It’s 60 years since Hank Pym was ‘The Man in the Ant Hill’, star of a one-off suspense short in Tales to Astonish #27. Either reader response was great or someone at Marvel saw potential, but plainclothes boffin Hank Pym soon returned… as a superhero.
It’s safe to say Hank has had his ups and downs since then, hopping from one heroic identity to another, but this four-issue series is concentrating on his original identity as Ant-Man. And the opener is huge fun as writer Al Ewing and artist Tom Reilly go super-retro with a Silver Age style story. The self-consciously Stan Lee narration is a delight, while the dialogue is a hoot.
The story sees Hank and lady love Janet Van Dyne – the Wonderful Wasp – trying to have a quiet night at the pics. Well, she’s into the movie, he’s being a bit of a stuffed shirt.
Throwing the popcorn is… well, let’s leave that a surprise, but it’s one of two cameos by future Marvel heroes (one more heroic than the other).
The annoying snack wastage does lead to a more serious confrontation as Hank finds himself kidnapped by a fistful of former foes – Trago, the man with the magic trumpet! The Time Master! The Protector! And, er…the Phony Window Washer! Together they are (wait for it!) The Ant-Agonists!
Of course, Hank’s not totally at their mercy, he has a secret weapon, his partner in crime-fighting.

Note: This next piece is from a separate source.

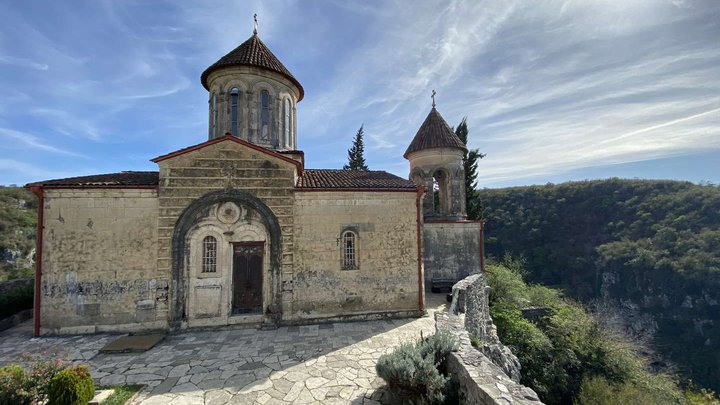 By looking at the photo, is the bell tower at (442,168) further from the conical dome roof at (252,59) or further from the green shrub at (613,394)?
the green shrub at (613,394)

Oh, I loved this. Al Ewing finds just the right tone for ‘Alone agains the Ant-Agonists!’, channeling the uncomplicated earnest fun of early Marvel series, never winking too much at the modern reader. The knowingness of Stan Lee, the campiness, is timeless, while the gimmick of old enemies ganging up on a hero always works. Hank and Jan are fun companions, while their ant pals help out in ways big and small. And the tie-in to Fantastic Four #9, in which the Sub-Mariner turned movie mogul, is genius.

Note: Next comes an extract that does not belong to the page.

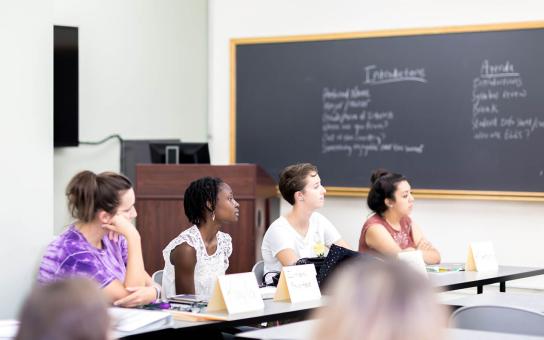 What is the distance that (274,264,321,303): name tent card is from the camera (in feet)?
11.3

Tom Reilly gives us a neat Don Heck homage, Jan and Hank are pretty much spot-on, while the likes of the Phoney Window Washer are equally on model.
And there’s a nice bit of Steve Ditko influence in the popcorn-tosser. The only panel I don’t like is a close up of a hand, and while I know Hands Are Hard, a professional comic artist should be able to manage something better than a deformed rubber glove.

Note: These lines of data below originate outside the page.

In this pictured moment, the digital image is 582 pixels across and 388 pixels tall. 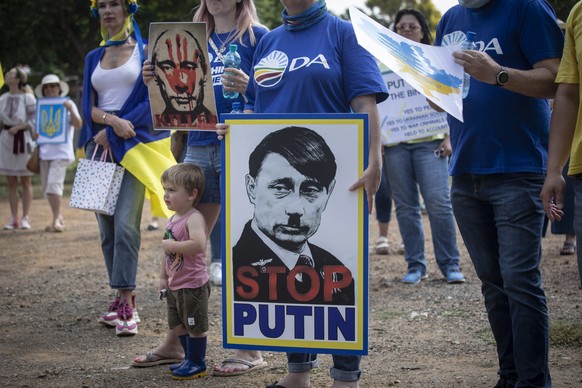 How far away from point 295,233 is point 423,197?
4.05 metres

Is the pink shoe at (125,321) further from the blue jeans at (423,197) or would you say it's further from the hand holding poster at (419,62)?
the hand holding poster at (419,62)

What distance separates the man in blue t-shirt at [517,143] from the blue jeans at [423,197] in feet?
12.2

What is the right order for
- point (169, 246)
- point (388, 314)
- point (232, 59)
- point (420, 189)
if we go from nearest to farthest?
point (232, 59), point (169, 246), point (388, 314), point (420, 189)

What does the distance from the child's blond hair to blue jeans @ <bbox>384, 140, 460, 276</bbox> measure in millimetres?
3263

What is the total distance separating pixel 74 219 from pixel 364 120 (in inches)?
435

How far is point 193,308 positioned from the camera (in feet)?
15.7

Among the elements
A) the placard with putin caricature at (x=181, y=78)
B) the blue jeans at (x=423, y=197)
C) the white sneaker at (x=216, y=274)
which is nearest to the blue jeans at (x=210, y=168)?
the placard with putin caricature at (x=181, y=78)

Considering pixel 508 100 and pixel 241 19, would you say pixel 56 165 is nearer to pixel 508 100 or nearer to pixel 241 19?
pixel 241 19

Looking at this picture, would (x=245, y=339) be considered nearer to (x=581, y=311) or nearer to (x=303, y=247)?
(x=303, y=247)

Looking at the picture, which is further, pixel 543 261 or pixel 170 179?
pixel 543 261

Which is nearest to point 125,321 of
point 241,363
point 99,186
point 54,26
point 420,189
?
point 99,186

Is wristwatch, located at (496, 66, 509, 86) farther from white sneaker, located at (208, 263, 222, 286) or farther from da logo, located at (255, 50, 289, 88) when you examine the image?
white sneaker, located at (208, 263, 222, 286)

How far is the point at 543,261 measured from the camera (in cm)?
870

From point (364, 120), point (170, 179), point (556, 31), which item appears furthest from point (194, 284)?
Answer: point (556, 31)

The yellowed gutters add to the feel of an old comic, as does the unflashy colouring – it’s great work from Jordie Bellaire. Likewise, Cory Petit keeps the lettering basic, and the approach works wonderfully well.
But look at this.
A future-set sequence at the beginning of the book which is picked up again at the end. On the one hand, it does allow the creators to show their versatility; on the other, nah… I don’t want a future Ant-Man, I care not for the writing style of Marvel decades hence. I get that an overarching narrative thread is deemed necessary to persuade readers to buy every issue of this mini-series, but it doesn’t half take away from the olde worlde charm.
The cover by Reilly and Bellaire is a clever graphic idea, well executed, but oh for a shot of Hank, Jan and their ant steeds flying into battle against those fearsome(-ish) felons.
Still, I recommend this issue if you’re a fan of fun superheroics. If I may join Ewing in the awful pubs department, it’s ant-tastic!